EDmodel / ED2

Ecosystem Demography Model
78 stars 112 forks source link

h5 output question #231

Closed istfer closed 3 years ago

istfer commented 6 years ago

I have a question regarding h5 outputs:

When I give a run that starts from Jan 1st 2005, e.g.:

   NL%IMONTHA  = 01
   NL%IDATEA   = 01
   NL%IYEARA   = 2005 
   NL%ITIMEA   = 0000

I always get an analysis-T-2004-00-00-000000-g01.h5 file that has 1 value in it, and 2005.h5 file has one missing value. Has someone else experienced this before? Is it related to how I initialize runs and use the namelist file? or does it have something to do with fortran indices?

manfredo89 commented 6 years ago

Do you really need the T files? So far I've not seen many people using them but I may be wrong.
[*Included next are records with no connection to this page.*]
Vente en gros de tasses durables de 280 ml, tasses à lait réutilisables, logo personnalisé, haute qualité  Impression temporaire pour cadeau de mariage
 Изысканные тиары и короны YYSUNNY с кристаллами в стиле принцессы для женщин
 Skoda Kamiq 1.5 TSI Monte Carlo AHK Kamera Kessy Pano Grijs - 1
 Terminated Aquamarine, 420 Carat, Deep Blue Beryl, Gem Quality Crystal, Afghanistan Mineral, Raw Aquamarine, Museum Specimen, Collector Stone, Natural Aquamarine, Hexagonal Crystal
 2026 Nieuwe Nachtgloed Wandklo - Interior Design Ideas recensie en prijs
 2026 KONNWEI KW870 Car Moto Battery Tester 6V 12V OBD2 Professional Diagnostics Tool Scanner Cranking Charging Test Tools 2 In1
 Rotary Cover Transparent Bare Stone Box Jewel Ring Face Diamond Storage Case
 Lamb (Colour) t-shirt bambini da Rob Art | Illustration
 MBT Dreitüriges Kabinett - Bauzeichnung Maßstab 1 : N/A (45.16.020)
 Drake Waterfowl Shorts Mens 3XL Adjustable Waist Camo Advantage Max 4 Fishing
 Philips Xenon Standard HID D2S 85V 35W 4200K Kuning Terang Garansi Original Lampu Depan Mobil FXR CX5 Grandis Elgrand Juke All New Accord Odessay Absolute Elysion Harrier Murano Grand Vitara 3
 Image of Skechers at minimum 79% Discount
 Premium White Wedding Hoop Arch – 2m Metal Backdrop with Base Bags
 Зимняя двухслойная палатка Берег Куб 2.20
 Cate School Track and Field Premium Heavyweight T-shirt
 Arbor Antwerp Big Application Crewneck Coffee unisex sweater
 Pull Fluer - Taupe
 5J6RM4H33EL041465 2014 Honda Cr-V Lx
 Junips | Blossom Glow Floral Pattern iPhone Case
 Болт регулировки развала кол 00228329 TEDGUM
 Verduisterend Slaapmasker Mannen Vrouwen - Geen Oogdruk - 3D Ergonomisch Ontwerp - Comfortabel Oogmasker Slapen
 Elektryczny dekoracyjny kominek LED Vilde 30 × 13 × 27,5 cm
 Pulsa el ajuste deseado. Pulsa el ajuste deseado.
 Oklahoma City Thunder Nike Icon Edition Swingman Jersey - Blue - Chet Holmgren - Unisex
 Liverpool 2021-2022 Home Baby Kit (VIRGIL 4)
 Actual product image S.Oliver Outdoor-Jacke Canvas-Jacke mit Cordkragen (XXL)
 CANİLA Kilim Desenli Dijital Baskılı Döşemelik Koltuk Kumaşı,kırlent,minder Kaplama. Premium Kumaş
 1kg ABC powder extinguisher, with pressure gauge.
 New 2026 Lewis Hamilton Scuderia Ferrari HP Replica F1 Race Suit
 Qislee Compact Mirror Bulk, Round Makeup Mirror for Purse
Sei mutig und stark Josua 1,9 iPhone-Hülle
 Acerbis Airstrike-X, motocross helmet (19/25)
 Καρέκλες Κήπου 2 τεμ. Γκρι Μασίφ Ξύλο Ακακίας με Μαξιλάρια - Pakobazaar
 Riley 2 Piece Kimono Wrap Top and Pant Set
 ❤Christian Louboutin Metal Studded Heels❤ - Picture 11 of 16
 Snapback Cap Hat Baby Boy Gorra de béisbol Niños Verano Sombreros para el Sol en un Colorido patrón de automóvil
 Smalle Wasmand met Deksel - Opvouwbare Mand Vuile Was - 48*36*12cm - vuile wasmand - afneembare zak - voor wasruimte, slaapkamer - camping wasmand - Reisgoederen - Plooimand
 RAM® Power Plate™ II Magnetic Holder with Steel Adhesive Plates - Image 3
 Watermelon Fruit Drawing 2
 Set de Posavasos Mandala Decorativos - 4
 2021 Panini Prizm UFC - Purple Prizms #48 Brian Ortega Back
To prevent writing them you can set NL%ITOUTPUT = 0 in the ED2IN

mdietze commented 6 years ago

@manfredo89 Yes, we definitely need the T files! They're the primary means for calibrating and validating ED2 against fast-time scale variables (e.g. eddy covariance) and also the default files that PEcAn processes into our across-models standard output format.

manfredo89 commented 6 years ago

Ok. I was also writing this because when I started using ED 2 years ago, I had some crashes that (I believe) I solved by turning off T file output. This is probably unrelated but I always felt like the flag should be turned off if there is no specific need to have this output.

istfer commented 6 years ago

Is @mrjohnston using tower files? Maybe she encountered this before.

I can handle this mismatch on the post-process end but I was wondering whether there is an easy fix on the settings or maybe in the code.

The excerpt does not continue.